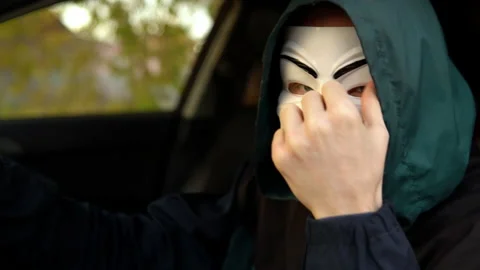 A man in an anonymous mask sits at the wheel of a car and takes off his Stock Footage 163778014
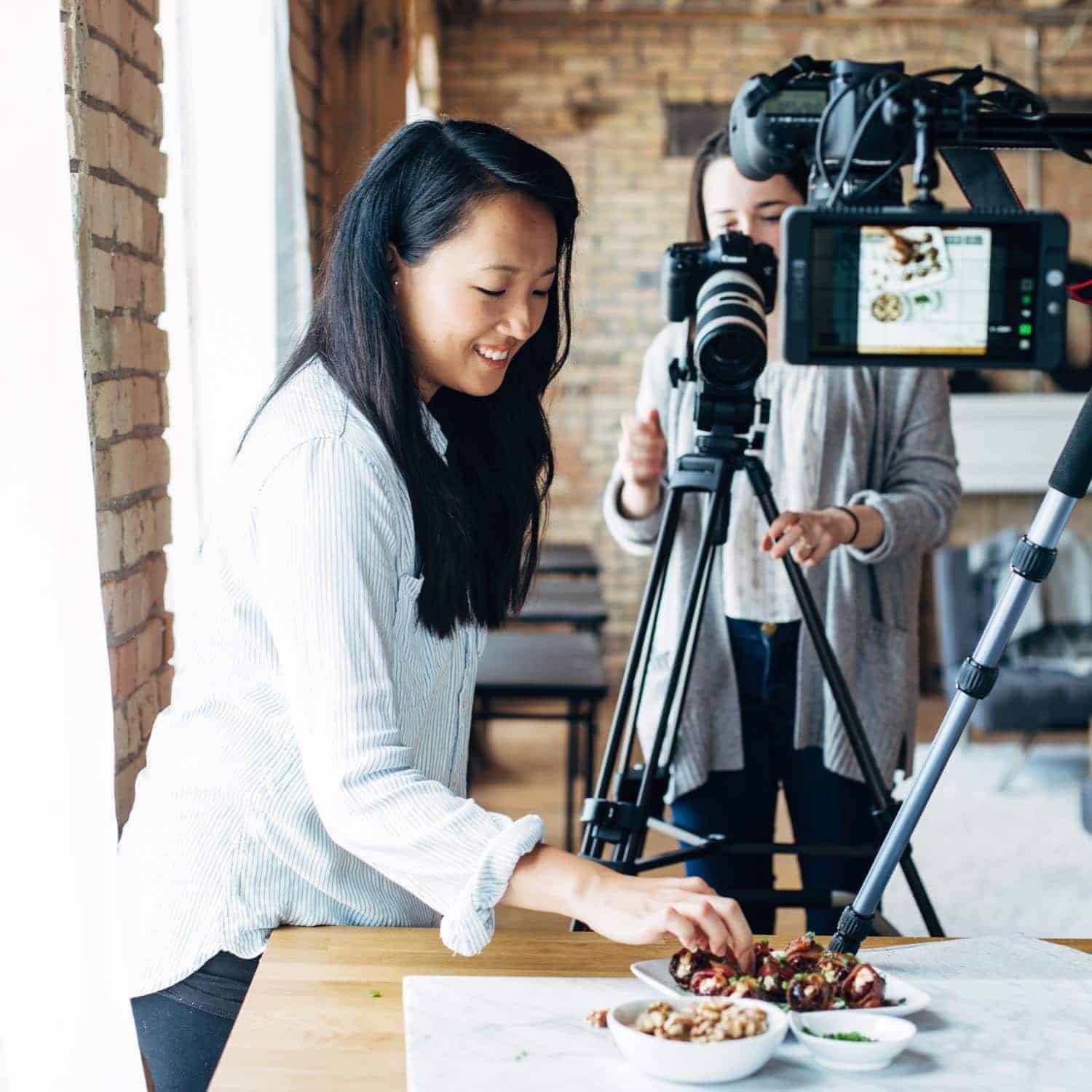 Woman styling food for a recipe video.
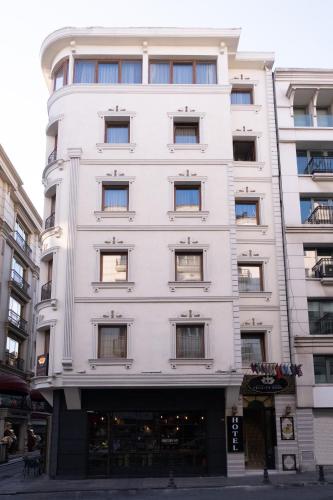 a tall white building with many windows at Felicity Hotel İstanbul in Istanbul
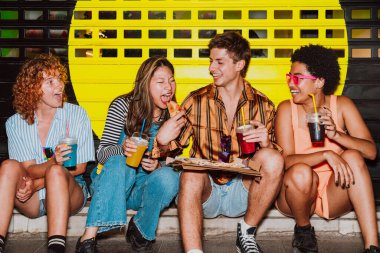 Arkadaşların akşam dışarı çıkıp parti yapıyor. Gençler hafta sonları dışarıda buluşup renkli kokteyller ve pizzayla kutlama yapıyorlar. Ön flaş fotoğraf biçimi.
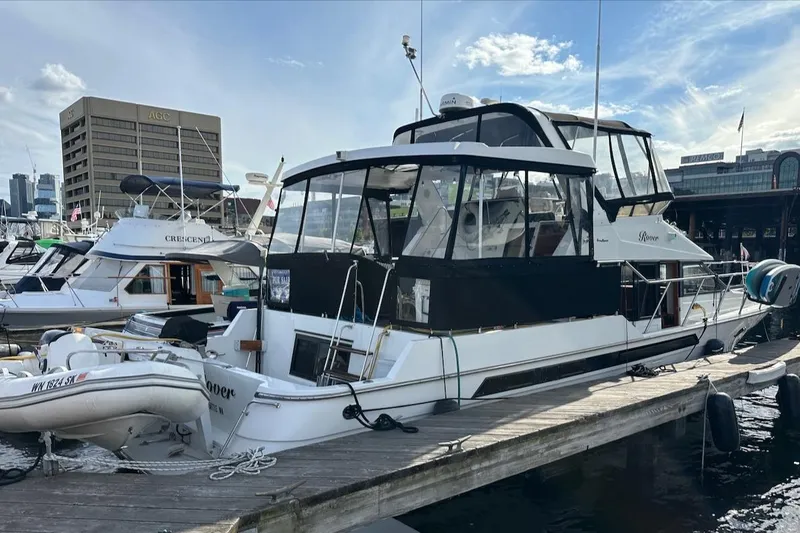 Slide: The Image of 1993 Ocean Alexander 460 yacht docked at marina under a partly cloudy sky. - 9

▶ _Exercise_
Each record is to be written out exactly. No picture goes in.

▶ _Response box_
 A man in an anonymous mask sits at the wheel of a car and takes off his Stock Footage 163778014
 Woman styling food for a recipe video.
 a tall white building with many windows at Felicity Hotel İstanbul in Istanbul
 Arkadaşların akşam dışarı çıkıp parti yapıyor. Gençler hafta sonları dışarıda buluşup renkli kokteyller ve pizzayla kutlama yapıyorlar. Ön flaş fotoğraf biçimi.
 Slide: The Image of 1993 Ocean Alexander 460 yacht docked at marina under a partly cloudy sky. - 9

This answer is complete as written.